ValueError: To embed videos, you must pass embed=True (this may make your notebook files huge)
Consider passing Video(url='...')

Finally, launch [TensorBoard](https://ray.readthedocs.io/en/latest/rllib-training.html#getting-started) as discussed in [02 Introduction to RLlib](../02-Introduction-to-RLlib.ipynb). Select the Cart Pole runs and visualize the key metrics from training with RLlib.

```shell
tensorboard --logdir=$HOME/ray_results
```

마지막으로 [02 Introduction to RLlib](../02-Introduction-to-RLlib.ipynb))에서 설명한 대로 [TensorBoard](https://ray.readthedocs.io/en/latest/rllib-training.html#getting-started)를 론칭한다. 카트 폴 실행을 선택하고 RLLIB 교육을 통해 얻은 주요 메트릭을 시각화하십시오.

For more examples of working with Gym environments, go through the next lesson, [Bipedal Walker](02-Bipedal-Walker.ipynb), then any of the "extra" lessons:

* [Extras: Application - Mountain Car](extras/Extra-Application-Mountain-Car.ipynb) -- Based on the `MountainCar-v0` environment from OpenAI Gym.
* [Extras: Application - Taxi](extras/Extra-Application-Taxi.ipynb) -- Based on the `Taxi-v3` environment from OpenAI Gym.
* [Extras: Application - Frozen Lake](extras/Extra-Application-Frozen-Lake.ipynb) -- Based on the `FrozenLake-v0` environment from OpenAI Gym.

Use TensorBoard to visualize their training runs, metrics, etc., as well. (These notebooks won't mention this suggestion.)

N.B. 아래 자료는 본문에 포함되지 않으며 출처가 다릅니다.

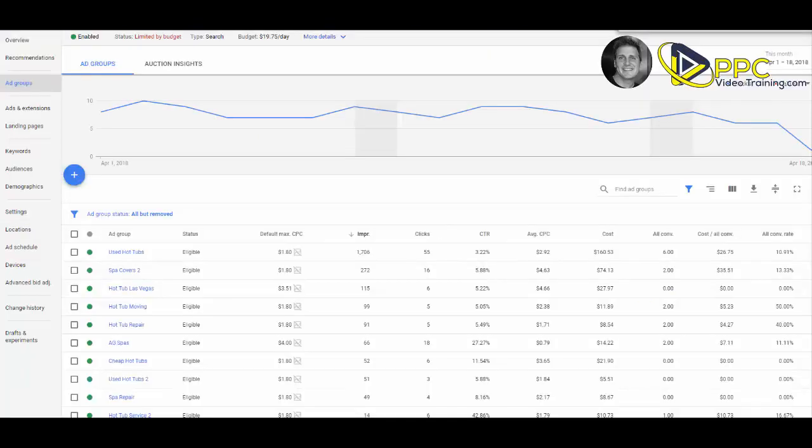Hi, Mike Mancini with PPCVideoTraining.com. Today we are starting a series called AdWords Optimization Week Number One. This is specifically meant for people who have started an AdWords account and maybe they have not done any optimization up to this point.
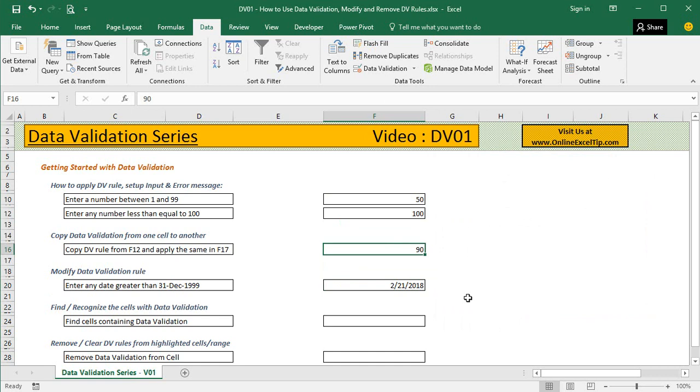In the next video you'll learn how to create drop-down lists using multiple methods. I hope you found this video useful. Please feel free to share it with your friends and colleagues. Stay tuned for the next upload. Keep watching, thank you, and have a great day.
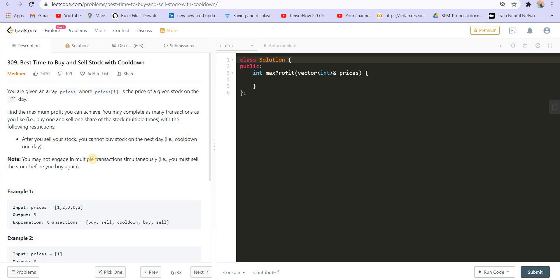The next is Buy and Sell Stock with Cooldown. We have already covered Buy and Sell Stock, and that was at the start of the playlist. We have covered four parts of this problem. This is the fifth part, and this you can do using dynamic programming.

Gym 환경에서 작업하는 더 많은 예제를 보려면 다음 과정인 [Bipedal Walker](02-Bipedal-Walker.ipynb)에서 "추가" 수업을 수행하십시오.


## Exercise ("Homework")

In addition to _Cart Pole_, _Bipedal Walker_, and _Mountain Car_, there are other so-called ["classic control"](https://gym.openai.com/envs/#classic_control) examples you can try. Make a copy of this notebook and edit as required.

In [10]:
ray.shutdown()  # "Undo ray.init()".